I went to Vanuatu last year. I was more interested in scuba diving than searching for herps though. However the only herps I did see were some turtles, a sea snake and on land tones of blue tailed skinks.


----------



## Snowman (Nov 23, 2009)

Some more Vanuatu pics... 
The one of my wife walking on water makes me smirk everytime I see it....


----------



## serpaint (Nov 23, 2009)

wow that looks so good, going for 3 weeks with digital slr and underwater digital camera of course.
such a beautiful looking place, can't wait.


----------



## Snowman (Nov 23, 2009)

I can't tell you how mad I was that I didn't take my underwater camera case! I meant to but forgot to pack it.... There's so many fish there... and if you dive down when snorkeling you'll see more than floating on the top as little fish come out of the coral and rocks to see whats going on as you invade thier domains...
Just make sure you have a polarised lens filter and you're set for some awesome water/beach pics.


----------



## serpaint (Nov 23, 2009)

I work as an artist and have a digital canon underwater cam. can come home and do a show of paintings from my pics and write the trip off aswell. yay


----------



## Snakester (Nov 23, 2009)

Vanuatu is awesome.

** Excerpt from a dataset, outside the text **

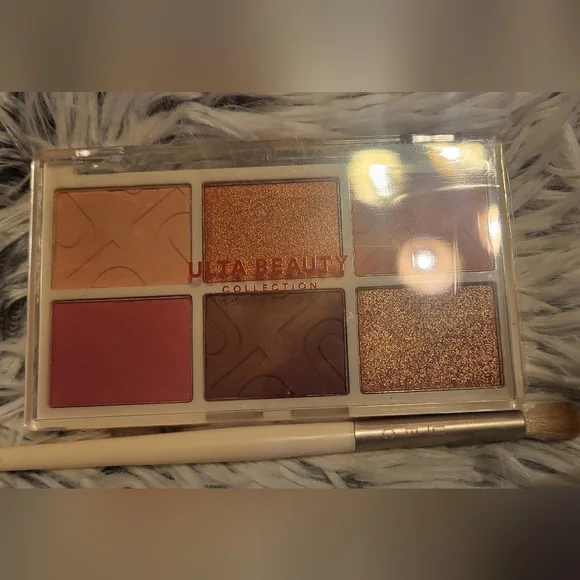 Ulta Beauty Gold Women's Bag - Picture 9 of 12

Me and my gal just back from there two weeks ago, it was my second trip to the islands there. 

Not alot for herpers though. But you HAVE to go to the botanical gardens (i think its called the secret gardens now), anyway its near the village of Mele, along the coast road past hideaway island and just near the famous cascade waterfalls (which are a must).

Anihow the resident herps in the secret garden are a few stunning Banded Fijian Iguanas (Brachylophus fasciatus) (my fav agamid - which have been imported to Vanuatu and thrived) and a whole variety of Pacific ground boas (Candoia carinata paulsoni i think).

Blue tailed skinks are everywhere during the day, and the local geckos are everywhere at night !


----------



## Joshua VW (Nov 23, 2009)

I'm also going to Vanuatu, or more specifically Talua, for two weeks after Christmas.
I've been wondering what sort of wildlife you get over there. I'll definitely try to make it to the secret garden.
Can't wait to see your pictures, Serpaint.


----------



## Snakester (Nov 23, 2009)

I will throw some pics on here too as soon as i get a chance.


----------



## serpaint (Nov 23, 2009)

will do my best and will make a file of stuff here when I'm back.
thanks for that info people, that is exactly what we are looking for.


----------



## Snakester (Nov 23, 2009)

*Vanuatu herp & critter pics*

A few of our fav pics -

Lets start with Banded Iguanas and Pacific Ground Boas.


----------



## Snakester (Nov 23, 2009)

A friendly Gecko, a not so friendly Gecko, a Blue-Tailed Skink and a hermit crab.


----------



## Omgitschris (Nov 23, 2009)

wow, those beachs look amazing. wish i was there swimming


----------



## serpaint (Nov 23, 2009)

those look so cool snakester, we are just wandering around in circles counting the days, hours, minutes and nearly down to seconds but it keeps changing when we try to do the maths.


----------



## goannaman (Nov 27, 2009)

Anihow the resident herps in the secret garden are a few stunning Banded Fijian Iguanas (Brachylophus fasciatus) (my fav agamid - which have been imported to Vanuatu and thrived) 

Why do you say that a Banded fiji IGUANA is a Agamid?

Brachylophus ssp. I`s the only member of the iguanid family that lives outside The Americas.


----------



## chrisso81 (Nov 27, 2009)

*old pics*

This thread has a few pics of stuff I saw while I was there, Vanuatu is such a beautiful place, you'll love it! 
http://www.aussiepythons.com/forum/exotics-amphibians-and-other-herps-40/vanuatu-herps-68914


----------



## gonff (Dec 31, 2009)

i went a few years ago and caught my first wild snake! A pacific boa. none of there sakes are venemous


----------